In the United States, a number of states have recently declared a state of emergency due to the Omicron variant, and on Tuesday, the United States recorded its highest hospitalisation rate since the beginning of the pandemic. In London and Scotland, the military has been called in to support hospitals overwhelmed by cases.
The World Health Organization (WHO) reiterated its cautions about Omicron in a 7 January update, warning that the overall risk related to this variant remains “very high” for a number of reasons.
“The rapid increase in cases will lead to an increase in hospitalisations, may pose overwhelming demands on healthcare systems and lead to significant morbidity, particularly in vulnerable populations,” said the update.
These concerns are playing out in Australia, where hours spent in testing queues, days waiting for results, bare supermarket shelves due to disruptions in supply chains, and sick people not being able to access prompt emergency care are just some of the disruptions people have experienced in recent weeks.

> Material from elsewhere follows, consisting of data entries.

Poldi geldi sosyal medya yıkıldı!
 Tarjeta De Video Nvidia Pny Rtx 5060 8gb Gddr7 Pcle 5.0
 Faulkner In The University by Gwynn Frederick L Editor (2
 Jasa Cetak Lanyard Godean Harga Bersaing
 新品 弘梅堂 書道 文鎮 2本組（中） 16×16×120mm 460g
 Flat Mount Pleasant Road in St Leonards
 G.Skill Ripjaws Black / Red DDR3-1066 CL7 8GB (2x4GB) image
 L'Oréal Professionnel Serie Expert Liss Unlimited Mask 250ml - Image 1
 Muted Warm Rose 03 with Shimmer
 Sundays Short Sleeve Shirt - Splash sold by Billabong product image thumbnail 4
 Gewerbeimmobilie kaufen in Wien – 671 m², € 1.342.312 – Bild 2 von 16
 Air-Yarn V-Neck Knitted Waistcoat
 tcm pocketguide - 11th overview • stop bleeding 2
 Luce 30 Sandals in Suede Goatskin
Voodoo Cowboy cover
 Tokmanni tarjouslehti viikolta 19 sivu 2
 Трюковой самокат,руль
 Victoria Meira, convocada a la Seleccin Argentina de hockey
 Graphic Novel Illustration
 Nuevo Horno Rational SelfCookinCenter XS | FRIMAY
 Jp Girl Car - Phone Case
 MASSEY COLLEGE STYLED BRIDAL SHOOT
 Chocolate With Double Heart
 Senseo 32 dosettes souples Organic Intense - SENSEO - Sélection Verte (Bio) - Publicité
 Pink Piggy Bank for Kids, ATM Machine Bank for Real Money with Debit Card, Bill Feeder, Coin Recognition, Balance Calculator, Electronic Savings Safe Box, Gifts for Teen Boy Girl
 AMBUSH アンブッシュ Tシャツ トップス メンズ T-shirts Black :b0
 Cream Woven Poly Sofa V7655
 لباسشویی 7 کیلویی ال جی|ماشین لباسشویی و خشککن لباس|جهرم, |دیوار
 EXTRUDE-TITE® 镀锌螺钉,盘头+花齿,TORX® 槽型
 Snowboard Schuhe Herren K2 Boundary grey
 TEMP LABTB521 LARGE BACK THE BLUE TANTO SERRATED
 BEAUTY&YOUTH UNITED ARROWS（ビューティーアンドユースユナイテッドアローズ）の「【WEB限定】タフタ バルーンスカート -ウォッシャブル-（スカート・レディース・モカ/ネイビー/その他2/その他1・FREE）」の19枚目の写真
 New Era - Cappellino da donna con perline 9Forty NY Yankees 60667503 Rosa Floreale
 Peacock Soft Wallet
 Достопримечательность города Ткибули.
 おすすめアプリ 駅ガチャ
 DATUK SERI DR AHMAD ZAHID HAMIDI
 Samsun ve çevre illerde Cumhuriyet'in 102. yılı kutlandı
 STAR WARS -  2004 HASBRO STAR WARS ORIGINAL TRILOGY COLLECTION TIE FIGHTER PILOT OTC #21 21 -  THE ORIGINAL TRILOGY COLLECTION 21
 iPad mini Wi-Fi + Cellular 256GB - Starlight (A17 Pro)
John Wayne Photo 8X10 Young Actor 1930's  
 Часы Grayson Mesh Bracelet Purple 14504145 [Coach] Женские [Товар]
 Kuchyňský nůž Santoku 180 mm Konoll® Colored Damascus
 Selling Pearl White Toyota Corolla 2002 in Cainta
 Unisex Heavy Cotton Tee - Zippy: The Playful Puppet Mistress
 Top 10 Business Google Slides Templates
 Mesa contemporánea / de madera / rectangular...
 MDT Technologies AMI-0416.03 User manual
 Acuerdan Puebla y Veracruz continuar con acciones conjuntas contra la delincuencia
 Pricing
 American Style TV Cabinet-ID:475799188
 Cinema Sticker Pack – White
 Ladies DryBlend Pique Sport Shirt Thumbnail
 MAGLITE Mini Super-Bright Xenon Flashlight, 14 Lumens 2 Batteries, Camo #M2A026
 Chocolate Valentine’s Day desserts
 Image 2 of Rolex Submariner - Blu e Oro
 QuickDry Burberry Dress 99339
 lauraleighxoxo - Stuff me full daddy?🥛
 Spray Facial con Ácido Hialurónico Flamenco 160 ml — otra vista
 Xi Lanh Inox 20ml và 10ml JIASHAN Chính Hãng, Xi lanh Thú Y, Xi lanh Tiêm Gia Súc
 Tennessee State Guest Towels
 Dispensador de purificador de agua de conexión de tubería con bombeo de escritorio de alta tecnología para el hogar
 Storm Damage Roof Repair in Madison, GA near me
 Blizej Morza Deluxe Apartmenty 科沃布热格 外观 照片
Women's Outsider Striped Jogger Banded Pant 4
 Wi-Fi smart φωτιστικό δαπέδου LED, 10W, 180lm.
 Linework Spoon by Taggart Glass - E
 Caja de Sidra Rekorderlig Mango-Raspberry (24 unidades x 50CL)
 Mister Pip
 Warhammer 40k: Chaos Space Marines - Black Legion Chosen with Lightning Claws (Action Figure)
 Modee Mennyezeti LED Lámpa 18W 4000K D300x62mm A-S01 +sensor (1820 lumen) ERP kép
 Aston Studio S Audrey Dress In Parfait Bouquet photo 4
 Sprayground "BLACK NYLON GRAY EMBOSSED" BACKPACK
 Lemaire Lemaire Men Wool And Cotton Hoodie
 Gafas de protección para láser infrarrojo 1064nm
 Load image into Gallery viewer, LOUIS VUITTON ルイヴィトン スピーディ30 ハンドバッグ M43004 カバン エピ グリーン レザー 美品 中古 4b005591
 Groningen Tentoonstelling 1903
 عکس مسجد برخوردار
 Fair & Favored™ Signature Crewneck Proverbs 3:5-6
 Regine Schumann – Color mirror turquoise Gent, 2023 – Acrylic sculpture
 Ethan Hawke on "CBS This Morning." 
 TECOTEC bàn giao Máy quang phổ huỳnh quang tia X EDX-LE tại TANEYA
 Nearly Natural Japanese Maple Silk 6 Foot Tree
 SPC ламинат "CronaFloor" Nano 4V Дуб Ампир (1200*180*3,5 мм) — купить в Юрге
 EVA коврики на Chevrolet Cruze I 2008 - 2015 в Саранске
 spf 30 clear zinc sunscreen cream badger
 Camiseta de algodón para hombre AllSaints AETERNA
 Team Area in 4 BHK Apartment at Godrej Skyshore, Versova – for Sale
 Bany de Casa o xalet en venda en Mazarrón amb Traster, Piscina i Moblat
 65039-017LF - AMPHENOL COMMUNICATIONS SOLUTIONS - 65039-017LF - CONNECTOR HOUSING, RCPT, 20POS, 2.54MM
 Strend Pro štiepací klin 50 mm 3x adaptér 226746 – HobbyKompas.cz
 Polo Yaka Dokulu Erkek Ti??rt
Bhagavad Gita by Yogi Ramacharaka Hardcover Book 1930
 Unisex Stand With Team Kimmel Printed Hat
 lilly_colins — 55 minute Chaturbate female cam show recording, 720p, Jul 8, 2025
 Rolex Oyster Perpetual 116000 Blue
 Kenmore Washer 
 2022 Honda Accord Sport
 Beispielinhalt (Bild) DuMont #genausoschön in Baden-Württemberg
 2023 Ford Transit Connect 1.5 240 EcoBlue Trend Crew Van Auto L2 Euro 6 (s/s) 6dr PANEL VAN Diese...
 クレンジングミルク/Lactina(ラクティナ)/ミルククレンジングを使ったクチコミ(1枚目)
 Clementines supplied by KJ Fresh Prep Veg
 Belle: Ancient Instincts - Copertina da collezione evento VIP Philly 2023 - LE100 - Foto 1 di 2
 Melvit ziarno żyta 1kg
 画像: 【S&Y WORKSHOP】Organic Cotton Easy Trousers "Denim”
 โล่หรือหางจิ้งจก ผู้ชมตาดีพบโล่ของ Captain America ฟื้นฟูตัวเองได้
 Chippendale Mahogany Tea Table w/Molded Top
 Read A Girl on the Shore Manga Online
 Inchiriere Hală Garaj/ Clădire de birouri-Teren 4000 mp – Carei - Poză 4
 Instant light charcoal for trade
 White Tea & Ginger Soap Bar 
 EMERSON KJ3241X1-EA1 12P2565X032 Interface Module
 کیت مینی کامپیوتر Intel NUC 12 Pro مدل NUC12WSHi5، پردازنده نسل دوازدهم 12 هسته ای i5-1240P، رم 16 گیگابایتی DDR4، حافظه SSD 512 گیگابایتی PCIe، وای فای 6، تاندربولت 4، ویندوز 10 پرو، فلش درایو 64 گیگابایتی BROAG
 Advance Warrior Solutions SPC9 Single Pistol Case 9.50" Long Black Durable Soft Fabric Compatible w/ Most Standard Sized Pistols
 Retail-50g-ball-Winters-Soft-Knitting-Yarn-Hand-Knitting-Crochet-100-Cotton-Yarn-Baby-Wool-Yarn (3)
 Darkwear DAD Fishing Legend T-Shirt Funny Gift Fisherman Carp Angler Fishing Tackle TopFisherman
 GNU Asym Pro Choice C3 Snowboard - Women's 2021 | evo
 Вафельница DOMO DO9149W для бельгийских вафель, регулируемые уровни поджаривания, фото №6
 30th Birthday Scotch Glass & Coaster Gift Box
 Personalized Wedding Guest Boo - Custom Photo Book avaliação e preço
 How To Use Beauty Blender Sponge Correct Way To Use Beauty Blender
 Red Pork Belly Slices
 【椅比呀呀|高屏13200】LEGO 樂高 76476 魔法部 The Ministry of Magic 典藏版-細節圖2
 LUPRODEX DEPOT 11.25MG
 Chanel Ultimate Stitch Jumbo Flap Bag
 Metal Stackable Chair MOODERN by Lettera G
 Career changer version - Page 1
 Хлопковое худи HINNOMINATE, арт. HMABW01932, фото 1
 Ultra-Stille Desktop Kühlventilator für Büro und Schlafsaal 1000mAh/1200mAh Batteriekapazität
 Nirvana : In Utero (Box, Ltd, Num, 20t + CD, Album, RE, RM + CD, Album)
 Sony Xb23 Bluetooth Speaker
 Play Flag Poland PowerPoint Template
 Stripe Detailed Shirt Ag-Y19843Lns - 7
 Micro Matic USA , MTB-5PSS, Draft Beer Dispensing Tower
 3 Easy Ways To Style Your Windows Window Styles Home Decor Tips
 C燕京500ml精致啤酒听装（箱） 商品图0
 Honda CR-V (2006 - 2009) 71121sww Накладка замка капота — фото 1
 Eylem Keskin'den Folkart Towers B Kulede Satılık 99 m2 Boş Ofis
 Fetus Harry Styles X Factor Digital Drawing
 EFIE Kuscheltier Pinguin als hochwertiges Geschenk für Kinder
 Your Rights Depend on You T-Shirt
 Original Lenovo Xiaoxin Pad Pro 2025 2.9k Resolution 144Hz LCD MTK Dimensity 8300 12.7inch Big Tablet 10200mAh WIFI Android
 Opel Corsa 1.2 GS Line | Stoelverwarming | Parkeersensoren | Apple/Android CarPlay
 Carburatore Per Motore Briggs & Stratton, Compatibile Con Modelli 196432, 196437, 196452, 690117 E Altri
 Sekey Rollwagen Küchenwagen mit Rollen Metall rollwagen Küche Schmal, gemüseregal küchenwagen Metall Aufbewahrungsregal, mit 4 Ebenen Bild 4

Except for Western Australia, every state and territory had opened their borders by 19 December 2021, and subsequently experienced an increase in cases due to the simultaneous relaxation of restrictions and the spread of the more infectious Omicron variant.
Nearly two years after the nation’s first COVID-19 case was recorded, Australia passed one million total confirmed COVID-19 cases on Monday 10 January 2022. More than half of those cases were reported in the last week.
In reality, the true case numbers are likely to be well higher than that, as many people have had difficult accessing testing – whether by polymerase chain reaction (PCR) and rapid tests.
To reduce the pressure on PCR testing, people have been advised by the Federal Government to source and do their own rapid antigen test (RAT).
Amid high costs and widespread shortages of the tests, many Australians have been unable to access them. If fortunate enough to find a test, until last week their results were not being reported in any jurisdiction.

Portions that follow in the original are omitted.